Símbolo de cualquier ocaso vital: el Papa.

Vemos al ínclito Francisco en el ocaso de una vida pletórica de fe y ascensos y… hasta sentimos cierto afecto por su paternal o “abuelero” semblante, dado que, a pesar de ser el representante de Cristo en la Tierra, no deja de ser un anciano más aquejado por los mismos achaques que uno de nosotros.

Hasta los mismos Grandes Jerarcas Católicos, los dos últimos, en la penumbra de su crepúsculo, han inclinado su egregia cabeza al soplo de lo que nace. Viven como queriendo vivir, pero perciben el desfallecimiento de su mundo. Incluso el ocaso de su dios de quien han dicho: "Dios se ha escondido".

Crepúsculo personal en el que a duras penas perciben que incluso ellos mismos han sido y son peleles traídos y llevados, embridados por las sectas vaticanas que los mantienen erguidos. Dado que así lo han querido y asumido, sarna con gusto no pica.

La Iglesia Cristiana, tanto la católica como la protestante, es la creencia más poderosa. Lo es no sólo por sí misma sino también por estar entreverada y sustentada en civilizaciones y entramados políticos también potentes. Pero está aquejada del inmenso cansancio de la lucha, no contra enemigos foráneos, sino contra un cáncer que lleva dentro.

Es grave para la Iglesia Cristiana, protestante y católica, que la lucha tenga que ser interna, contra sí misma, contra su propio desfallecimiento dado que ya no le queda a la Cristiandad enemigos equivalentes, aquellos que alzaban lábaros de creencias contrarias, como lo fuera el comunismo ateo. Comunismo ateo que sucumbió, no tanto por ateo cuanto por comunismo. No le quedan ni siquiera herejías dignas de tal nombre.

Otra cosa son los escarceos semi jaraneros que de vez en cuando salen a la luz en el teatro cómico de la vida, como puedan ser las monjas de Belorado, el obispo Pablo de Rojas o el Palmar de Troya.

Cuando, en deriva a la fuerza necesaria, la Iglesia católica ha esgrimido contra un mundo pagano y desafecto el espantajo de sus propios credos, se ha visto de nuevo en la soledad pelada del Monte Sinaí, pero esta vez sin llamas, sin truenos, sin dioses... es más, sin un pueblo siquiera detrás.

La sociedad está en la fiesta del Nuevo Renacimiento y cuando llega el Jerarca, se le toma como un elemento folklórico más, al son de gaitas, trompetería y cantos.
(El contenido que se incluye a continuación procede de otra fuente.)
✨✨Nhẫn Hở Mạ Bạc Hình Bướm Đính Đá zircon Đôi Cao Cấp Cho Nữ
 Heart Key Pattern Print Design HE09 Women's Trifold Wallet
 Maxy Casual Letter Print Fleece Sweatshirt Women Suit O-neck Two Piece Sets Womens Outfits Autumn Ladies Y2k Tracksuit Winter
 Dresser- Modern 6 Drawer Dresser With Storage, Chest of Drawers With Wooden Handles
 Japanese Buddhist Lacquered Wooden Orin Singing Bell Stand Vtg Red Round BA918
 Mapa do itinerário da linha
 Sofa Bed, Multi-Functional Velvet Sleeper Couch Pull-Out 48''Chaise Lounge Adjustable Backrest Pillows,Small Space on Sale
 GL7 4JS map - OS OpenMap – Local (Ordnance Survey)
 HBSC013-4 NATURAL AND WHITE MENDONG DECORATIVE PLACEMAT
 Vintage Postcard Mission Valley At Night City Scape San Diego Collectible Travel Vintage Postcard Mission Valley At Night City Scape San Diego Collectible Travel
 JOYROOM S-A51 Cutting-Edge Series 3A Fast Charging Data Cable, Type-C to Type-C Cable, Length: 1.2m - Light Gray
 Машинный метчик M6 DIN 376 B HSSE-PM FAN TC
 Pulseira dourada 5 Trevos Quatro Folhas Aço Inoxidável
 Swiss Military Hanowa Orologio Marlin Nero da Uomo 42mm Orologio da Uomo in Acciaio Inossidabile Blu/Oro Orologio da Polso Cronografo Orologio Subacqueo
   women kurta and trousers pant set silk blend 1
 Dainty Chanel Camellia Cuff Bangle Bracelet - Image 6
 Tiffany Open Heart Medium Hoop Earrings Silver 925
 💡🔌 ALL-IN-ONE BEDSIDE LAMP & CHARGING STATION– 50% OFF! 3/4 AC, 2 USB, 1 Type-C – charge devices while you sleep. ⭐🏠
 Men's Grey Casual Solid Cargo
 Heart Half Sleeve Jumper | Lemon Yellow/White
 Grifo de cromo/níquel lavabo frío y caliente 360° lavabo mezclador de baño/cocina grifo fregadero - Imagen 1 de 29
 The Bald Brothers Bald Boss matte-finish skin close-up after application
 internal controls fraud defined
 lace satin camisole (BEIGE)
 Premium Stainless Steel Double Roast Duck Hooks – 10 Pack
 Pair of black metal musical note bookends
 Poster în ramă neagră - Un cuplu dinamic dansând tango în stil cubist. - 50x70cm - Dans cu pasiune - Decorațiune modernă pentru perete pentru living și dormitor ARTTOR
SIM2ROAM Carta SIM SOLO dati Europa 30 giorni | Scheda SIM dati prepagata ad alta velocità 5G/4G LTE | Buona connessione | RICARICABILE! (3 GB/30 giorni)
Más todavía, enjaulado, distanciado por un muro de guardaespaldas y guardapechos y lejano de lejanía.

¿Qué otra cosa es el folklore de la Sala Pablo VI de Roma? ¿Qué queda sino recuerdo y palabras del fasto juvenil veraniego? ¿A qué esas reuniones de "alto nivel" con reyes y gobernantes, donde éstos inclinan su regia y "gobernántica" testuz en reverencia vil y servil? Incluso concediendo su minuto de gloria a personajes tan distantes y distintos, que sólo buscan la foto, como nuestra ínclita Yolanda Díaz en febrero del presente año.  

Pero la vida camina por sus propias sendas, a las que ha pretendido la Iglesia unirse. Quiso en su momento descender al valle, hacerse humana, rejuvenecerse. ¿Qué consiguió? Entre cosas no deseadas, avivar la defección de los que fueron suyos.

Ha podido ver de cerca cómo la torrentera de la duda y del conocimiento arrastra cristos, vírgenes, escapularios, medallas, rosarios, reliquias, hisopos, bendiciones, procesiones... en fin, la parafernalia de los símbolos de una creencia, si no fenecida casi a punto de transmutarse en momia.

Los dos últimos "Jerarcas Máximos" pretendieron y pretenden a lo largo de su “via crucis” personal subir otra vez al Olimpo. Han extraviado el camino: no sabían ni saben si era el camino del rito; si el camino estaba en repoblar el Parnaso con nuevos dioses, cual jasones o hércules, presentando modelos a diestro y siniestro, santos a su medida. También de intentar, por libros, que Jesús fuera a la vez cercano y arcano. O que los temas candentes del mundo tuvieran voz en Encíclicas "ad hoc". 

Han pretendido escarbar en los males del mundo, agitando el hisopo de su palabra en denuncias vanas... y se ha encontrado solos, jaleados por unas multitudes que sólo les adoran como un ídolo más de los muchos que las masas tienen: poder, prestigio, dinero, fama... e ídolos vestidos de blanco, reliquias al parecer vivas, estatuas en vitrina, efigies en pedestales semovientes. Ya ni queda motivo para la compasión, porque les han hecho perder la gravedad que una vejez digna siquiera procura.